Some inspection tools for wafers and reticle inspection used in the semiconductor industry rely on deep-ultraviolet (DUV) radiation. Some of the most compact, efficient, and cost effective sources of laser radiation in the UV and DUV spectral regions are based on wavelength conversion of solid-state laser radiation in nonlinear optical crystals. When exposed to high-power DUV-radiation, optical components, including nonlinear optical crystals, are prone to optically induced damage, which limits the maximum power density present on or in each individual component. This power density limitation forces the optics designer to make trade-offs between achievable DUV-power, spatial beam quality, component lifetime, and form factor of the wavelength converter device. Optimizing the beam size in the nonlinear crystal may be needed to take advantage of and trade-off between harmonic (DUV) power, spatial beam quality, and nonlinear crystal lifetime.
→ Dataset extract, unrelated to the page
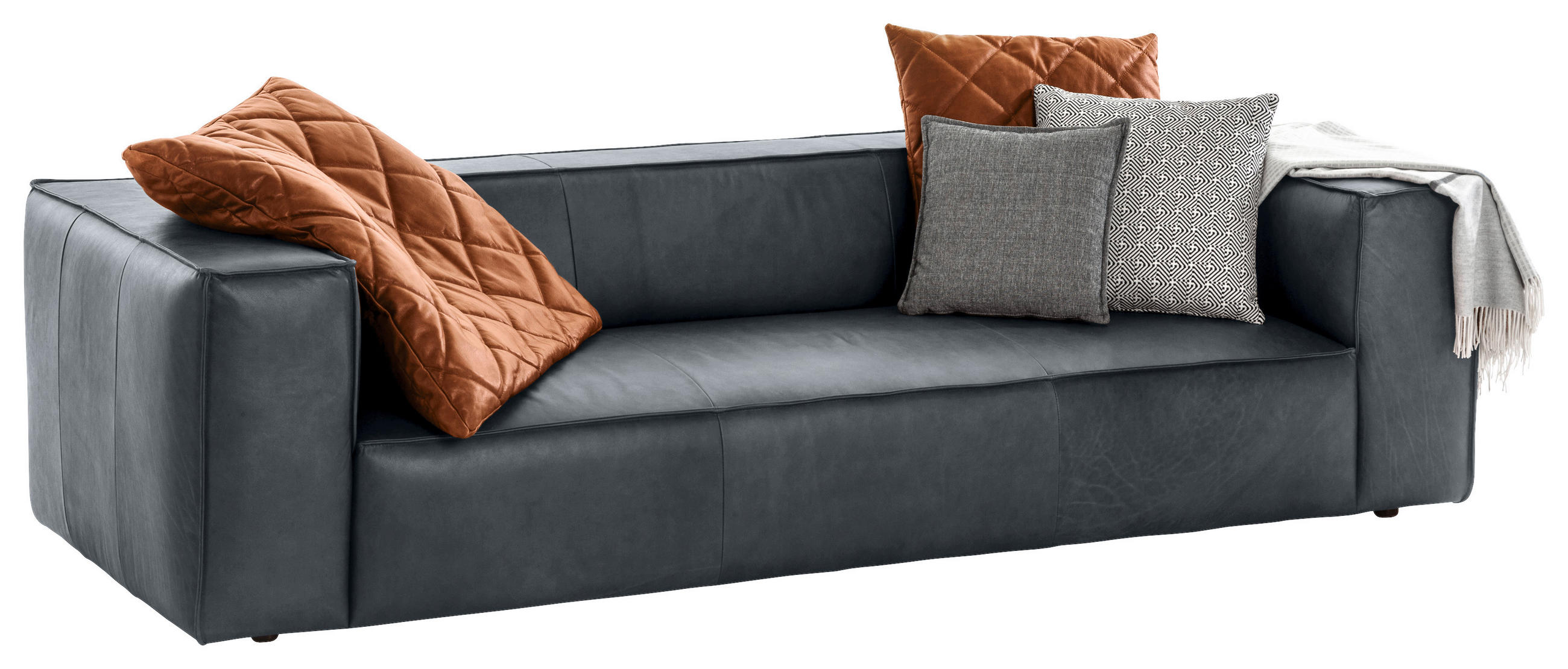 3-SITZER-SOFA around the block Echtleder Dunkelblau  - Schwarz/Dunkelblau, MODERN, Leder/Kunststoff (260/66/104cm) - Chilliano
Meanwhile, a low power density on the optics may be needed to achieve the desired component lifetime.
If one or multiple of the wavelengths involved in the nonlinear wavelength conversion process are in the DUV region, the DUV-radiation is prone to cause optically induced damage not only in the nonlinear crystal, but also to other optical components in the beam shaping optics. Limiting the power density both in the crystal and on/in the beam shaping optics can become important in this case. The acceptable power density on the beam shaping optics can be considerably lower than in the nonlinear crystal itself. This requirement is in part due to material properties (e.g., in the case of fused silica) and in part due to the fact that the spot shifting schemes commonly used for nonlinear crystals cannot be applied to many optics components (e.g., spherical lenses) without introducing misalignment and aberrations into the beam path. This makes it necessary to position the beam shaping optics at a distance from the nonlinear crystal where the beam has diverged enough to reduce the optical power density to an acceptable level. Increasing the focus size in the nonlinear crystal decreases the beam divergence. The required distance from the nonlinear crystal to the beam shaping optics increases accordingly, so that the wavelength conversion module may become larger than desired.
The nonlinear crystal can be periodically shifted perpendicular to the beam, which uses multiple crystal locations. If one area of the nonlinear crystal is damaged, then the nonlinear crystal is moved relative to the beam so that the beam is projected onto a different, undamaged area. While this may prolong the period before the nonlinear crystal must be replaced, this fails to address the cause of any damage to the nonlinear crystal.
Therefore, what is needed is an improved nonlinear optical wavelength converter.